▶ **Records**
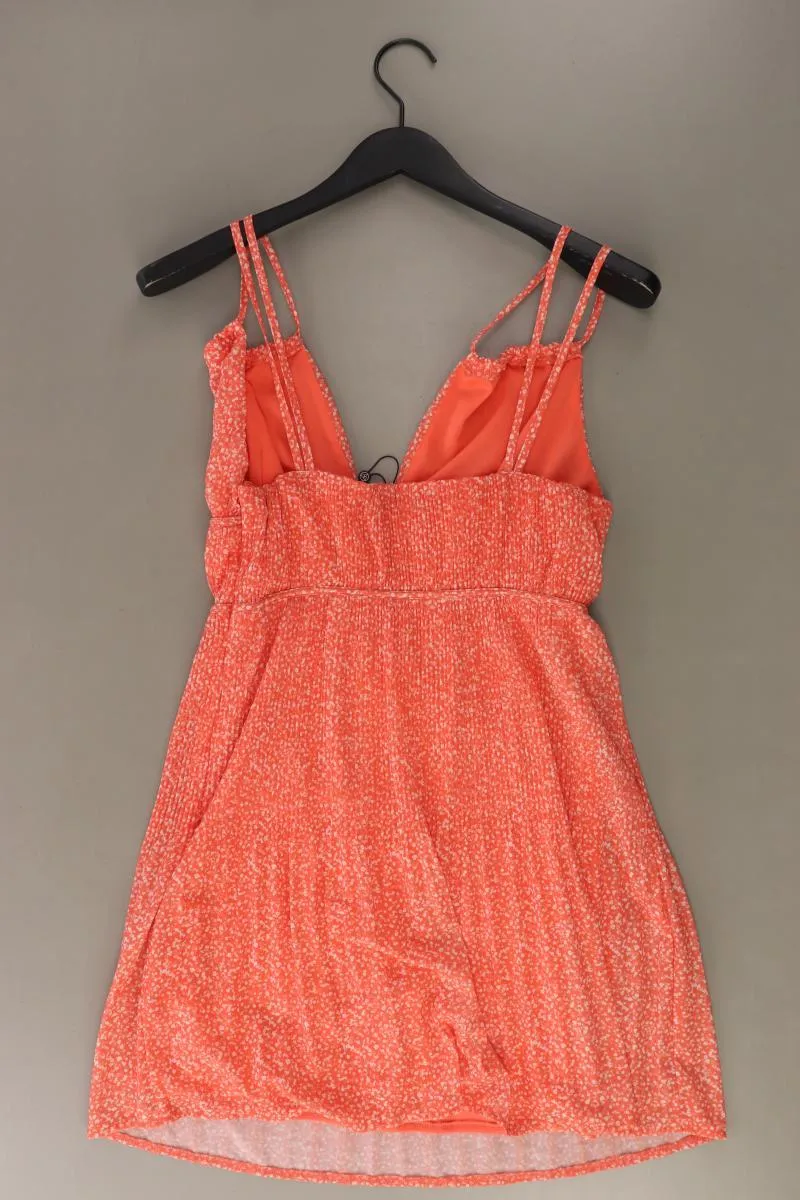 MISSGUIDED Trägerkleid Gr. 38 mit Blumenmuster neu mit Etikett orange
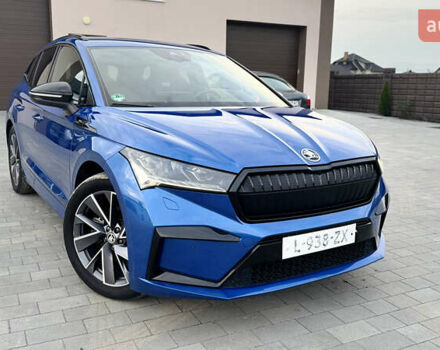 Синий Шкода Enyaq iV, объемом двигателя 0 л и пробегом 195 тыс. км за 21900 $, фото 15 на Automoto.ua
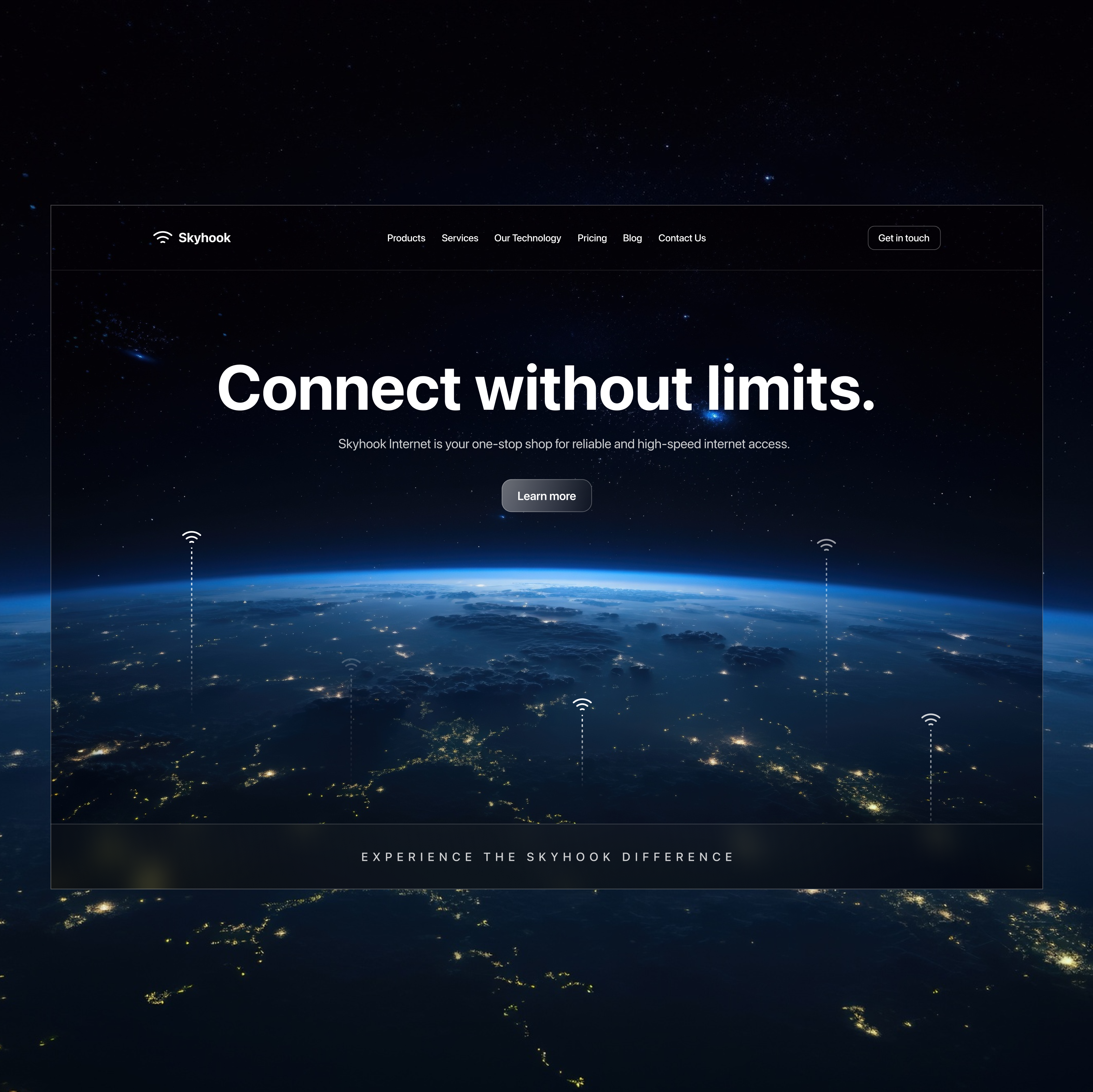 Internet Technology Company - Landing Page Design. branding clean colors design dribbble dribbble best shot graphic design internet landing page product space technology typography ui web webdesign website design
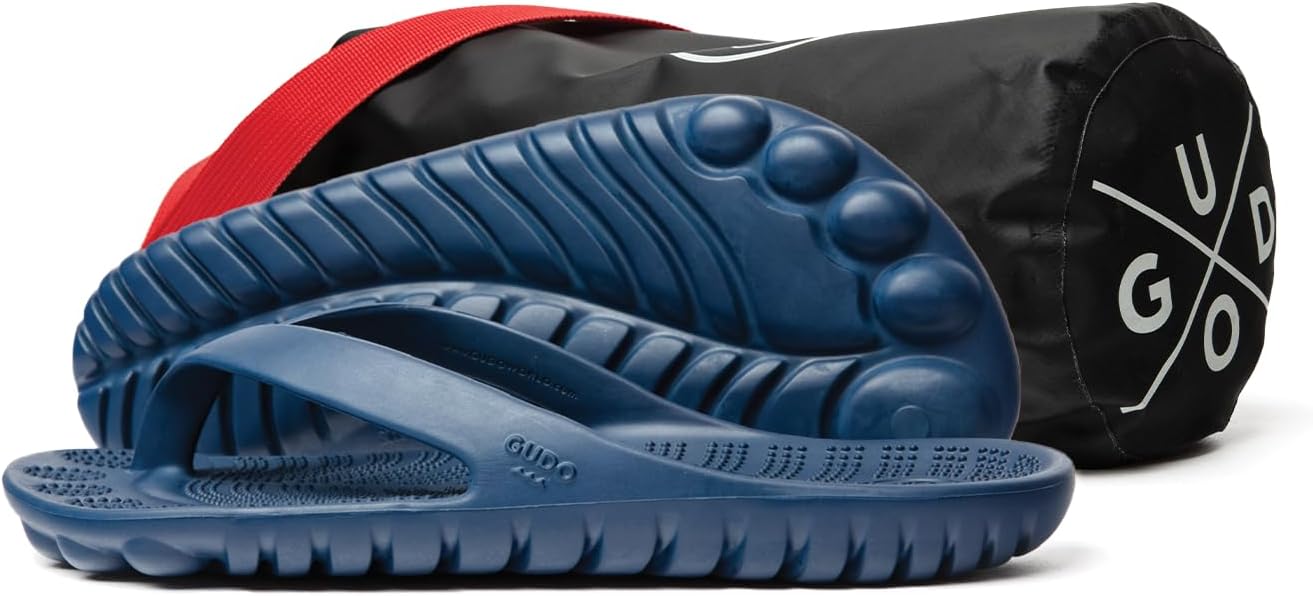 

Сандалии GUDO и водонепроницаемая сумка DryBag- сочетают комфорт и красивую эстетику, стимулируя рефлексологические точки стоп. Сандалии для женщин и мужчин, вдохновленные отпечатками ног на пляже, с массажной подошвой из EVA-пены Gudo World, те...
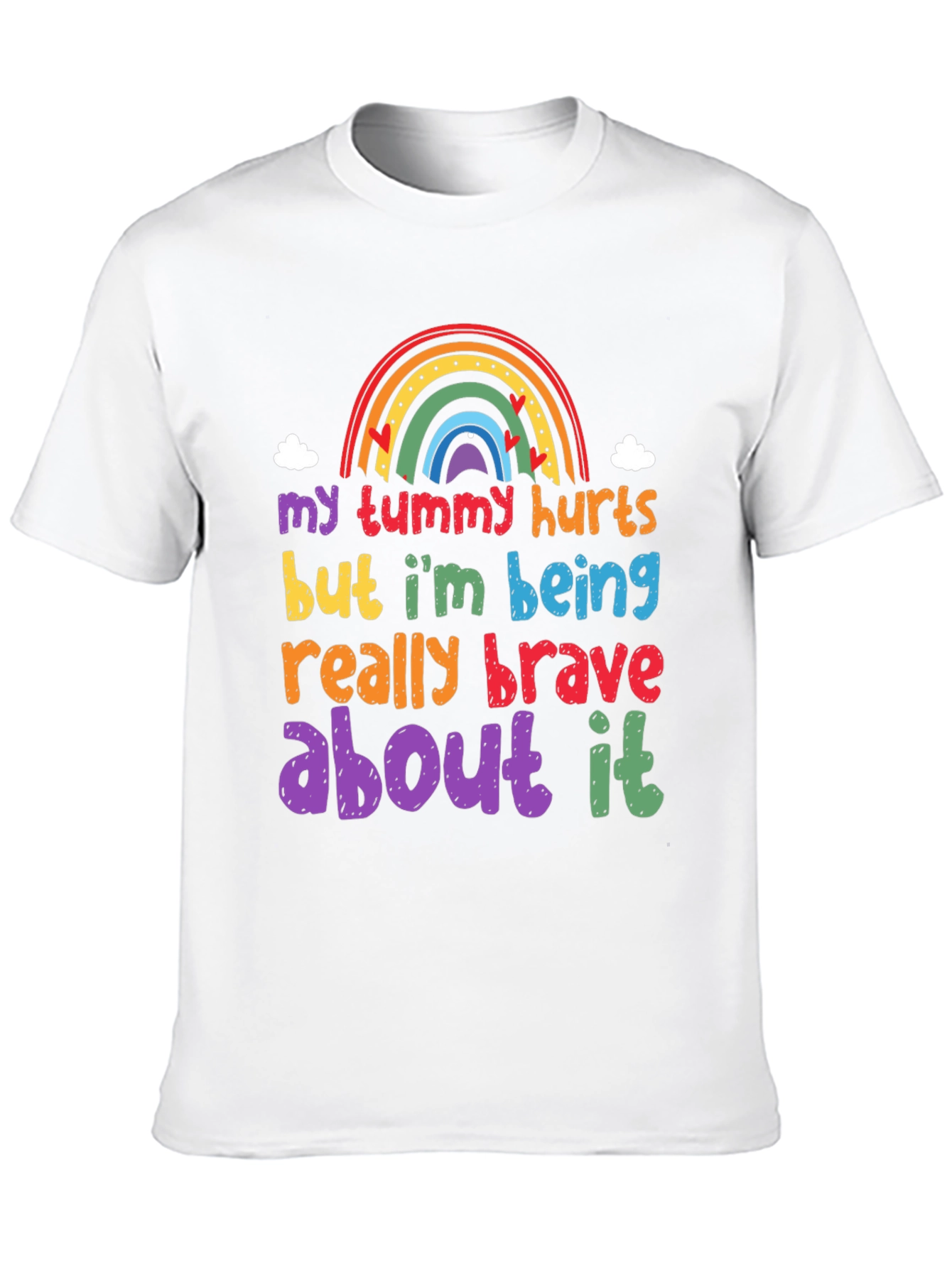 Brave Tummy Hurts Graphic Tee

▶ **What to produce**
Could you set down, exactly as written, every line from the one with "Сандалии GUDO и" to the end of the data, both ends included? Leave out the pictures.

▶ **Completed task**
Сандалии GUDO и водонепроницаемая сумка DryBag- сочетают комфорт и красивую эстетику, стимулируя рефлексологические точки стоп. Сандалии для женщин и мужчин, вдохновленные отпечатками ног на пляже, с массажной подошвой из EVA-пены Gudo World, те...
 Brave Tummy Hurts Graphic Tee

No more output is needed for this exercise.